* TASK DATA *
____

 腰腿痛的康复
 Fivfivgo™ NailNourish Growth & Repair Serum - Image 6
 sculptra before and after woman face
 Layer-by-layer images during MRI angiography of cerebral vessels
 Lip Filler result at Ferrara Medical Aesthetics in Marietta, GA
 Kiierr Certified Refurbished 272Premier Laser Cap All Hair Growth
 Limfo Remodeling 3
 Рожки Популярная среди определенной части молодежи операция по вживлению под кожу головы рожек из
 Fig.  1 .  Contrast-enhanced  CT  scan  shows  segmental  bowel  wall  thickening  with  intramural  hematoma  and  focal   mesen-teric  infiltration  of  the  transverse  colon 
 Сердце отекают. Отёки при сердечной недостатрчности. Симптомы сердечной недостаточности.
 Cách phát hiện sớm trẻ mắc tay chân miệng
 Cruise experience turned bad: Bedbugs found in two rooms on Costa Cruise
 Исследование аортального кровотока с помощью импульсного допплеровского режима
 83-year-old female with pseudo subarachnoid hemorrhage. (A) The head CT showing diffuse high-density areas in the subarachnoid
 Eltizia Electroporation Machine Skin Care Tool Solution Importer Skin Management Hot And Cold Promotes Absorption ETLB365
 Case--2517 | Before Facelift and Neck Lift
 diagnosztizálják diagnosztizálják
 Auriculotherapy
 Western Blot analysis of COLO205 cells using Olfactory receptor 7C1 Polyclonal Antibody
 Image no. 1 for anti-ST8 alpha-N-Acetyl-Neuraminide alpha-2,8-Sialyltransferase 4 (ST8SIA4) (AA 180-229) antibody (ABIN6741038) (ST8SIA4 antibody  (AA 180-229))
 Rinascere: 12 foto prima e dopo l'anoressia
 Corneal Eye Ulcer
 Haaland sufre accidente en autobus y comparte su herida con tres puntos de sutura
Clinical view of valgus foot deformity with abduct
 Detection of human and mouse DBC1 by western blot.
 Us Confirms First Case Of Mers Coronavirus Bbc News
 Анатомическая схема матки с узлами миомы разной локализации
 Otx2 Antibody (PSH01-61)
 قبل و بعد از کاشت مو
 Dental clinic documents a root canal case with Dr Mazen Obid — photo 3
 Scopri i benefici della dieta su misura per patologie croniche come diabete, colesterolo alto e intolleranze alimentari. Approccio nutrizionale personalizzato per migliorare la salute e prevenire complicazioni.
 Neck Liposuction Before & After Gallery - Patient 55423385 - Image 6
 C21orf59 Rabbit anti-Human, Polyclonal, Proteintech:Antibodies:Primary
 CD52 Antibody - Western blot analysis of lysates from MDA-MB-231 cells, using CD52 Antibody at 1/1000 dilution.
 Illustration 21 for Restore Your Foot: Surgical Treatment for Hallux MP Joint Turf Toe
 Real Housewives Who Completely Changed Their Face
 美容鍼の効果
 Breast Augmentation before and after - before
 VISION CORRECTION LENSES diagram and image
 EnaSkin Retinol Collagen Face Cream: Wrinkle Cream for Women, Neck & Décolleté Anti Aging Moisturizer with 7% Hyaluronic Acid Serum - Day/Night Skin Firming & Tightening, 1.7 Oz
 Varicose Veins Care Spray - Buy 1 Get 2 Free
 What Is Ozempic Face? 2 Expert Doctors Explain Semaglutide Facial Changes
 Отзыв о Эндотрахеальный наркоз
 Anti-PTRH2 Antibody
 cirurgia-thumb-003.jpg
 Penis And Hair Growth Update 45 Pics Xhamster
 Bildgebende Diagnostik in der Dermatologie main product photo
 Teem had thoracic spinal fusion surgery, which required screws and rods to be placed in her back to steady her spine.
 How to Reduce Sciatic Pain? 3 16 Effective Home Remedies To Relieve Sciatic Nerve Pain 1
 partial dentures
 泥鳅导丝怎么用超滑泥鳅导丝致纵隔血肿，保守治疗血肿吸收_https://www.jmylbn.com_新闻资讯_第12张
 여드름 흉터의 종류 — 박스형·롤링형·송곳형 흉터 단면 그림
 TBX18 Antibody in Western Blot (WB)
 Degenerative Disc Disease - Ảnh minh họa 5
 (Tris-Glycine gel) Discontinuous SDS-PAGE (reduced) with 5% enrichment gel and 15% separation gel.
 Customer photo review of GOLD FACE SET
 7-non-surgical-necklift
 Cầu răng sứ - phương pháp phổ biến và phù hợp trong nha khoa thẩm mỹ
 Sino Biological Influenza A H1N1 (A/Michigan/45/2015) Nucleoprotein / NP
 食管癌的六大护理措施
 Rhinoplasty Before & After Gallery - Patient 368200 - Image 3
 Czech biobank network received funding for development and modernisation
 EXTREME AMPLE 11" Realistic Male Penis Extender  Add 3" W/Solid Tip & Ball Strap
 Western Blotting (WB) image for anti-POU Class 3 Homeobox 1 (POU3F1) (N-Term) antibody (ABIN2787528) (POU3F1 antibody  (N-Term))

____

* ACTIVITY *
From the first line to the last, return the data exactly.

* RESULT OF THE TASK *
 腰腿痛的康复
 Fivfivgo™ NailNourish Growth & Repair Serum - Image 6
 sculptra before and after woman face
 Layer-by-layer images during MRI angiography of cerebral vessels
 Lip Filler result at Ferrara Medical Aesthetics in Marietta, GA
 Kiierr Certified Refurbished 272Premier Laser Cap All Hair Growth
 Limfo Remodeling 3
 Рожки Популярная среди определенной части молодежи операция по вживлению под кожу головы рожек из
 Fig.  1 .  Contrast-enhanced  CT  scan  shows  segmental  bowel  wall  thickening  with  intramural  hematoma  and  focal   mesen-teric  infiltration  of  the  transverse  colon 
 Сердце отекают. Отёки при сердечной недостатрчности. Симптомы сердечной недостаточности.
 Cách phát hiện sớm trẻ mắc tay chân miệng
 Cruise experience turned bad: Bedbugs found in two rooms on Costa Cruise
 Исследование аортального кровотока с помощью импульсного допплеровского режима
 83-year-old female with pseudo subarachnoid hemorrhage. (A) The head CT showing diffuse high-density areas in the subarachnoid
 Eltizia Electroporation Machine Skin Care Tool Solution Importer Skin Management Hot And Cold Promotes Absorption ETLB365
 Case--2517 | Before Facelift and Neck Lift
 diagnosztizálják diagnosztizálják
 Auriculotherapy
 Western Blot analysis of COLO205 cells using Olfactory receptor 7C1 Polyclonal Antibody
 Image no. 1 for anti-ST8 alpha-N-Acetyl-Neuraminide alpha-2,8-Sialyltransferase 4 (ST8SIA4) (AA 180-229) antibody (ABIN6741038) (ST8SIA4 antibody  (AA 180-229))
 Rinascere: 12 foto prima e dopo l'anoressia
 Corneal Eye Ulcer
 Haaland sufre accidente en autobus y comparte su herida con tres puntos de sutura
Clinical view of valgus foot deformity with abduct
 Detection of human and mouse DBC1 by western blot.
 Us Confirms First Case Of Mers Coronavirus Bbc News
 Анатомическая схема матки с узлами миомы разной локализации
 Otx2 Antibody (PSH01-61)
 قبل و بعد از کاشت مو
 Dental clinic documents a root canal case with Dr Mazen Obid — photo 3
 Scopri i benefici della dieta su misura per patologie croniche come diabete, colesterolo alto e intolleranze alimentari. Approccio nutrizionale personalizzato per migliorare la salute e prevenire complicazioni.
 Neck Liposuction Before & After Gallery - Patient 55423385 - Image 6
 C21orf59 Rabbit anti-Human, Polyclonal, Proteintech:Antibodies:Primary
 CD52 Antibody - Western blot analysis of lysates from MDA-MB-231 cells, using CD52 Antibody at 1/1000 dilution.
 Illustration 21 for Restore Your Foot: Surgical Treatment for Hallux MP Joint Turf Toe
 Real Housewives Who Completely Changed Their Face
 美容鍼の効果
 Breast Augmentation before and after - before
 VISION CORRECTION LENSES diagram and image
 EnaSkin Retinol Collagen Face Cream: Wrinkle Cream for Women, Neck & Décolleté Anti Aging Moisturizer with 7% Hyaluronic Acid Serum - Day/Night Skin Firming & Tightening, 1.7 Oz
 Varicose Veins Care Spray - Buy 1 Get 2 Free
 What Is Ozempic Face? 2 Expert Doctors Explain Semaglutide Facial Changes
 Отзыв о Эндотрахеальный наркоз
 Anti-PTRH2 Antibody
 cirurgia-thumb-003.jpg
 Penis And Hair Growth Update 45 Pics Xhamster
 Bildgebende Diagnostik in der Dermatologie main product photo
 Teem had thoracic spinal fusion surgery, which required screws and rods to be placed in her back to steady her spine.
 How to Reduce Sciatic Pain? 3 16 Effective Home Remedies To Relieve Sciatic Nerve Pain 1
 partial dentures
 泥鳅导丝怎么用超滑泥鳅导丝致纵隔血肿，保守治疗血肿吸收_https://www.jmylbn.com_新闻资讯_第12张
 여드름 흉터의 종류 — 박스형·롤링형·송곳형 흉터 단면 그림
 TBX18 Antibody in Western Blot (WB)
 Degenerative Disc Disease - Ảnh minh họa 5
 (Tris-Glycine gel) Discontinuous SDS-PAGE (reduced) with 5% enrichment gel and 15% separation gel.
 Customer photo review of GOLD FACE SET
 7-non-surgical-necklift
 Cầu răng sứ - phương pháp phổ biến và phù hợp trong nha khoa thẩm mỹ
 Sino Biological Influenza A H1N1 (A/Michigan/45/2015) Nucleoprotein / NP
 食管癌的六大护理措施
 Rhinoplasty Before & After Gallery - Patient 368200 - Image 3
 Czech biobank network received funding for development and modernisation
 EXTREME AMPLE 11" Realistic Male Penis Extender  Add 3" W/Solid Tip & Ball Strap
 Western Blotting (WB) image for anti-POU Class 3 Homeobox 1 (POU3F1) (N-Term) antibody (ABIN2787528) (POU3F1 antibody  (N-Term))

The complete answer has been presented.